The configuration can be split up over whatever amount of files you wish (though we
would advise against structuring it as one massive hard to read file, or hundreds of
tiny files). All configuration files must be written as toml.
When the run starts, the configuration inputs are combined and the resulting combined
model configuration is validated. By default, the combined configuration is written out
to a single file to provide a permanent record of the model configuration. In all cases,
your toml configuration files only need to specify values that do not have a default
value (typically file paths) or where you want to change a default.
An example of a toml configuration is shown below:
[core]
[core.grid]
cell_nx = 10
cell_ny = 10
Here, the first tag indicates the module in question (e.g. core), and subsequent tags
indicate (potentially nested) module level configuration details (e.g. horizontal grid
size cell_nx).
Note that configuration setting cannot be repeated between files as there is no way
to establish which of two values (of e.g. core.grid.cell_nx) the user intended to
provide. When settings are repeated, the validation of the configuration will fail.
Validation occurs automatically when the simulation starts. If any issues are found then the simulation will terminate, with the details of the issues being written to the simulation log file. The validation checks for a much broader range of things that just repeated settings, including that configured input files actually exist and that numeric inputs are within a range of accepted values.
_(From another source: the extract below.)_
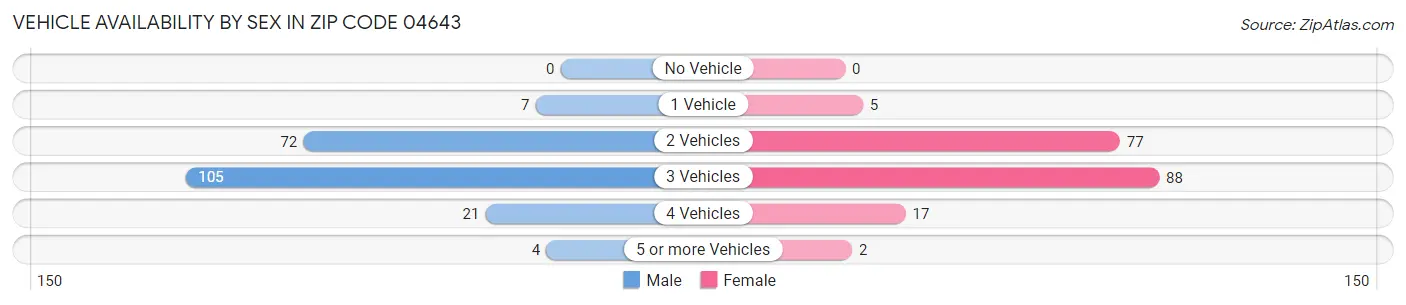 Vehicle Availability by Sex in Zip Code 04643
Selecting the models you want to run#
The Virtual Ecosystem allows you to choose which set of models you wish to run. Unless
you are trying to run static model simulations (in which case consult the static mode
guide), you will always want to run the
primary set of Virtual Ecosystem models. In this case, the only choice you will have to
make is which microclimate implementation you wish to use (i.e. abiotic_simple or
abiotic). The choice of models to be configured is indicated by including the required
model names as top level entries in the model configuration. Note that the model name is
required, even if the configuration uses all of the default settings. For example, this
configuration specifies that six models are to be used, all with their default settings:
[core] # optional
[soil]
[litter]
[hydrology]
[plants]
[abiotic]
[animals]
The [core] element is optional as the Virtual Ecosystem core module is always
required and the default core settings will be used if it is omitted. It can be useful
to include it as a reminder that a particular configuration is intentionally using the
default settings. Each module configuration section can of course be expanded to change
defaults.
Note
The order in which models are run is not something that can be controlled by users (i.e. execution order is not controlled by where models are placed in the configuration). As some models require outputs of the other models in order to run, there are hard constraints the order they can be run in. The simulation automatically chooses a valid model execution order during the configuration process.
Changing model constants#
The majority of constants included in the Virtual Ecosystem are universal and so are not
expected to vary site to site. This means that you do not have to provide new values
for them to set up a new site (though you are very welcome to change them if you
disagree with our choices of values). However, some things that we include as
“constants” are in fact site specific (e.g. the deposition rate of inorganic
phosphorus), and you will have to change them for your site setup. To change the value
of constant you need to provide an updated value for it within a configuration file,
under a [model_name.constants] tag. This looks like:
[soil.constants]
phosphorus_deposition_rate = 2.0e-05 # High rate for Amazon Rainforest
You only need to provide values for constants that you wish to change (i.e. the site specific ones, and any for which you disagree with our choice of default values). All constants that you don’t provide values for will just use the default value. Details of all Virtual Ecosystem constants and their default values can be found in the model specific setup details documentation.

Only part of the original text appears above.